Eva era una donna di quel tempo. Non aveva rimpianti di secoli precedenti né ricordi che la tormentavano. Lavorava da poca al museo Elisabettiano e la cosa la riempiva di infantile entusiasmo.
"Lo stanno ancora facendo, se vuoi."
L'accento di Eva era un accento moderno, londinese, perché era vissuta con la madre a Londra per qualche anno, prima di trasferirsi a Plymouth.
Per Bert era come il richiamo di un faro, qualcosa che lo strappava da mondi che non poteva più raggiungere e che gli ricordava del mondo in cui viveva e poteva ancora vivere.
Per un attimo, Bert si sentì di nuovo coraggioso, si chinò verso Eva e le baciò le labbra sottili.
"Bhè, grazie, Albert," sorrise la donna, leggermente confusa, accarezzando la tempia del fidanzato delicatamente, come una persona che calma un animale incerto.
"Va tutto bene?"
"Certo. Stavo pensando alle bollette della luce."
Eva singhiozzò, non sapendo se ridere o disperarsi.
Bert sorrise di nuovo e si sedette per terra, con la testa accanto al ventre di Eva..

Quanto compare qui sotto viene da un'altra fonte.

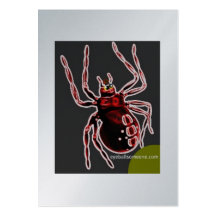 cartes de taureau de mungindi cartes de visite personnelles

Per lei una leggenda rimaneva una leggenda e Bert ringraziava ogni giorno per questa benedizione.

Hastatus77
17-09-2009, 14.52.48
:neutral_think:
E' la prima volta che letto storie sulla reincarnazione. Mi sembra un'idea originale.

Mordred Inlè
17-09-2009, 16.41.51
Non così originale come sembra : D
David Peter ci scrisse una trilogia (in cui Artù doveva essere letto sindaco XD) e una adorabile fanciulla, Soujin, ci sta scrivendo un racconto meravigioso.